• INFORMATION SUPPLIED
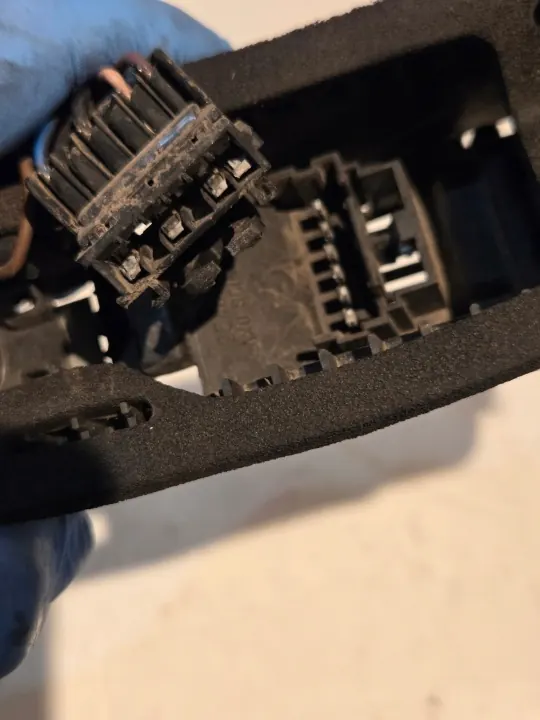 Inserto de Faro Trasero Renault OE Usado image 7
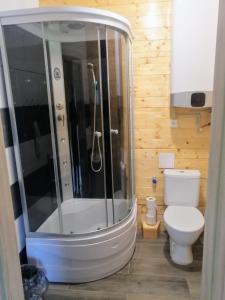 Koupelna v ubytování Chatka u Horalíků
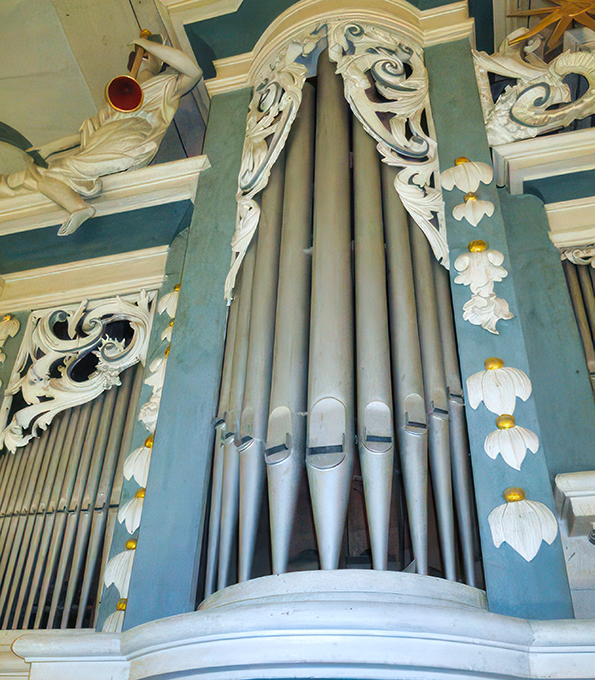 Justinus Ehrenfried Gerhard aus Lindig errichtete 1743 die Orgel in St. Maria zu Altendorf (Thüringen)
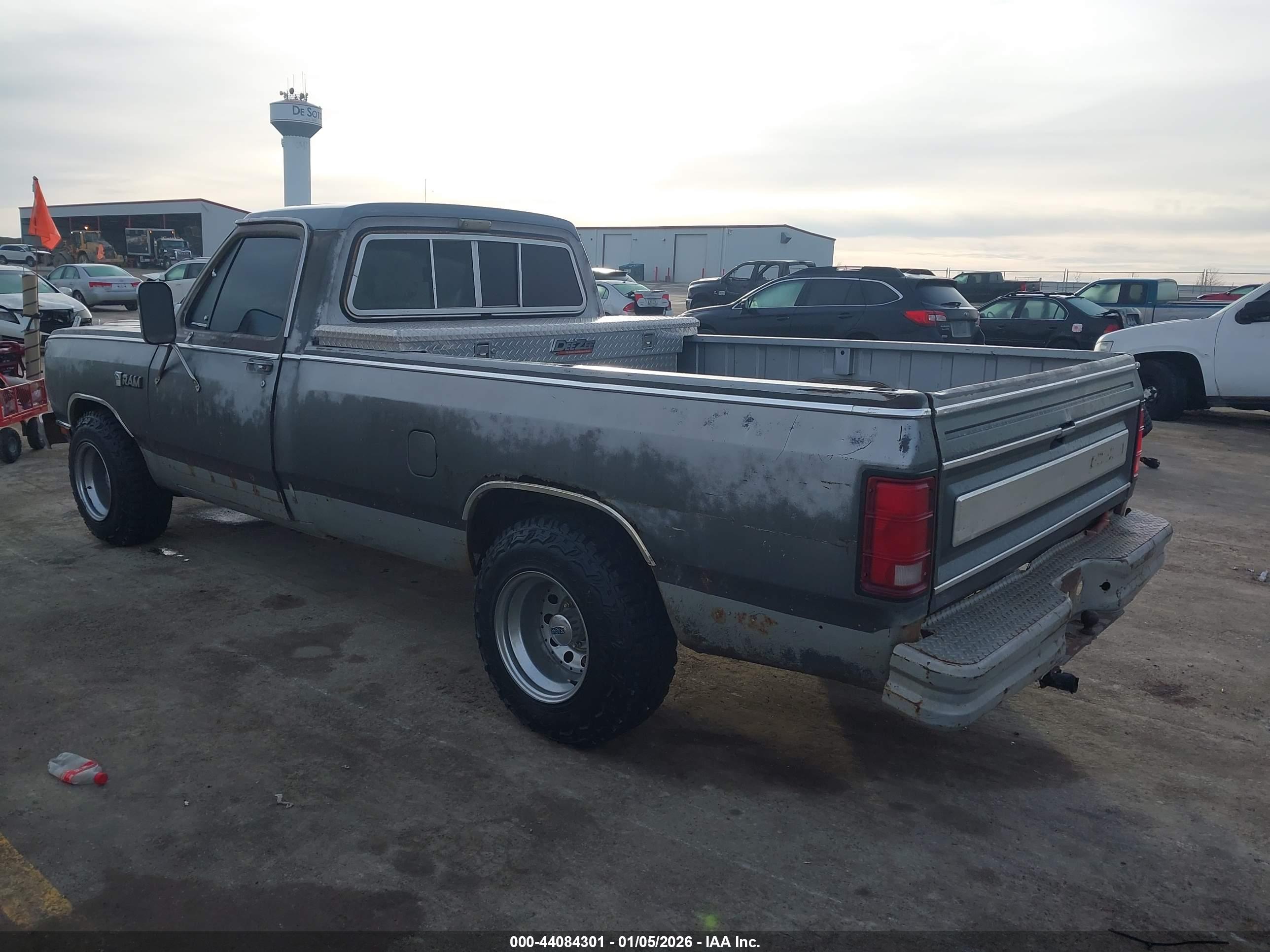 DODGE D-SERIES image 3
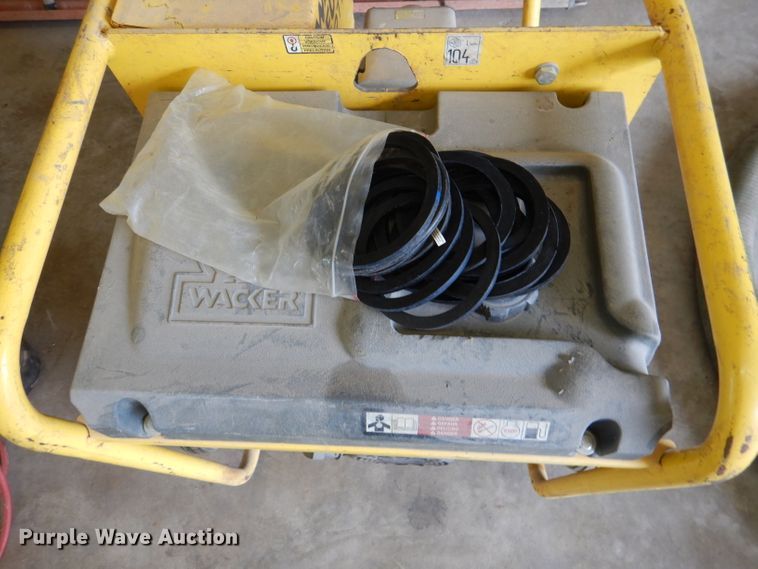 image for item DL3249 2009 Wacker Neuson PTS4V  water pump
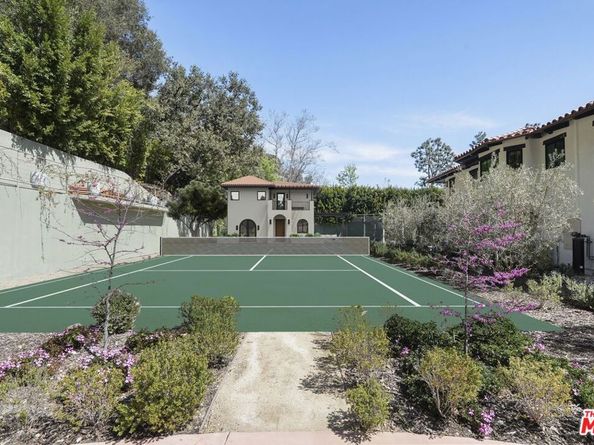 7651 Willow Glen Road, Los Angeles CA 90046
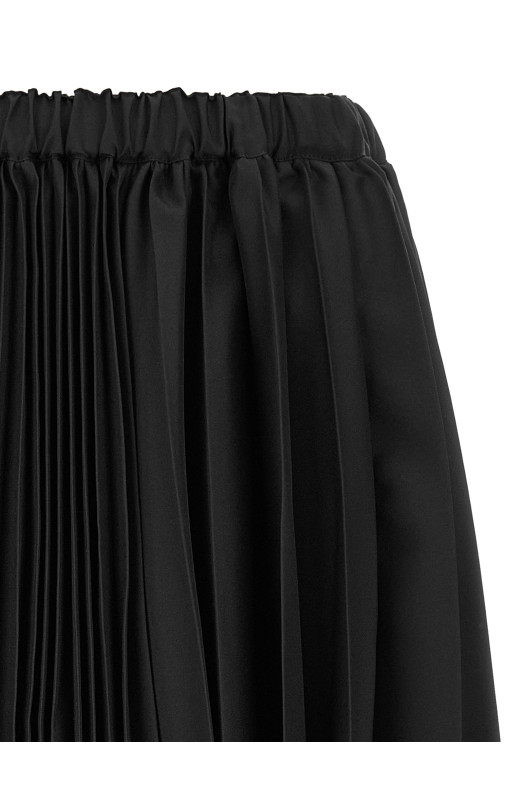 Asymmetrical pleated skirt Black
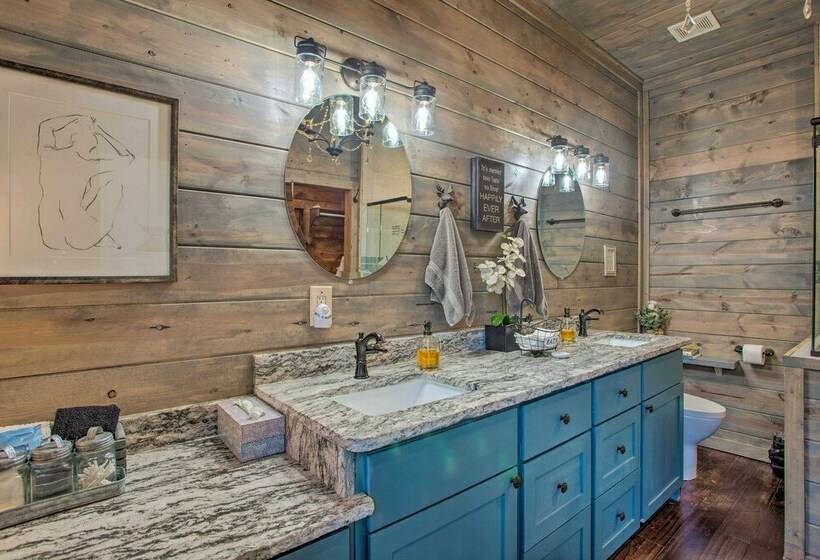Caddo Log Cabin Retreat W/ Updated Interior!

• INSTRUCTIONS TO FOLLOW
Lines from the one holding "Asymmetrical pleated skirt Black" to the end of the data, both ends included, are to be given again exactly; no pictures belong in the copy.

• WRITTEN SOLUTION
 Asymmetrical pleated skirt Black
Caddo Log Cabin Retreat W/ Updated Interior!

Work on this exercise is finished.